5. En ce qui concerne la disponibilité effective de tels soins, le préfet du Nord a produit en première instance des éléments dont il ressort que de nombreux centres de radiothérapie et d'oncologie sont implantés au Maroc, y compris dans la région dont est originaire la requérante. Par ailleurs, si Mme B... fait valoir ne pas être personnellement immatriculée auprès de la caisse nationale de sécurité sociale du Maroc, elle ne démontre pas qu'elle n'aurait pas pu l'être sur simple demande à la date de la décision attaquée et ce alors que le préfet du Nord fait valoir que le Maroc a mis en place depuis 2011 un " régime d'assistance médicale " (RAMED) permettant aux personnes sans ressources résidant dans ce pays de bénéficier de soins pris en charge au titre de l'aide sociale. Le préfet soutient également sans être contredit que ce régime bénéficie actuellement à plusieurs millions de Marocains. Il démontre enfin que l'agence nationale de l'assurance maladie marocaine a reconnu la maladie de Hodgkin comme une affection de longue durée, ce qui est de nature à favoriser la prise en charge des patients en souffrant sur le plan tant médical que financier.
6. Dans ces conditions, le seul avis médical en date du 24 septembre 2021 produit par la requérante et selon lequel celle-ci " doit, afin de poursuivre son suivi, demeurer en France pour une durée indéterminée " n'est pas de nature à contredire l'avis du collège médical de l'OFII selon lequel elle peut effectivement bénéficier d'un traitement approprié à son état de santé au Maroc.
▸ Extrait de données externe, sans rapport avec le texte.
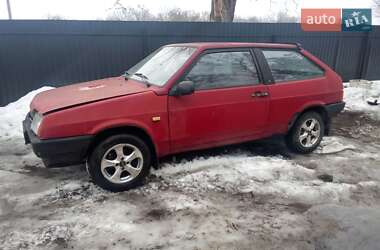 Хетчбек ВАЗ 2108 1992 в Буську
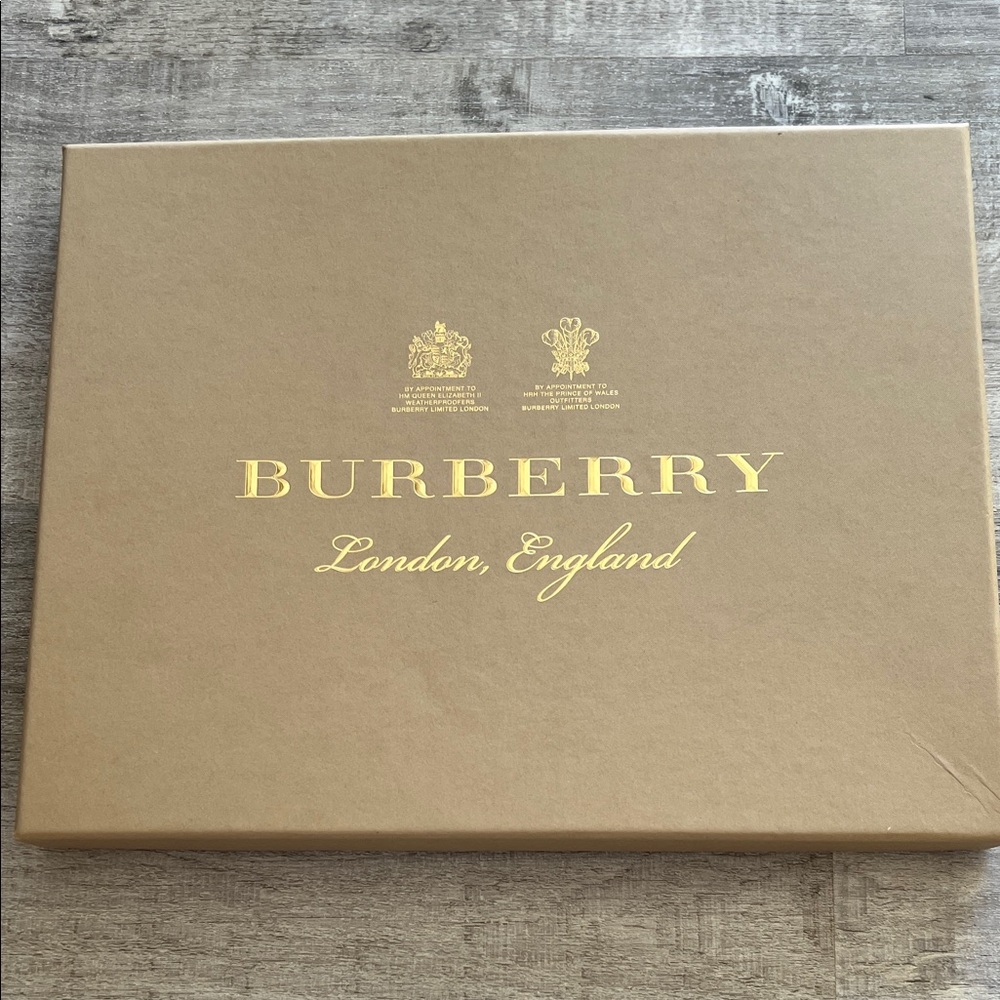 Burberry Box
Le moyen tiré de la méconnaissance des dispositions précitées de l'article L. 425-9 du code de l'entrée et du séjour des étrangers et du droit d'asile doit par conséquent être écarté.
7. En deuxième lieu, aux termes du paragraphe 1 de l'article 3 de la convention internationale relative aux droits de l'enfant : " Dans toutes les décisions qui concernent les enfants, qu'elles soient le fait d'institutions publiques ou privées de protection sociale, des tribunaux, des autorités administratives ou des organes législatifs, l'intérêt supérieur de l'enfant doit être une considération primordiale ".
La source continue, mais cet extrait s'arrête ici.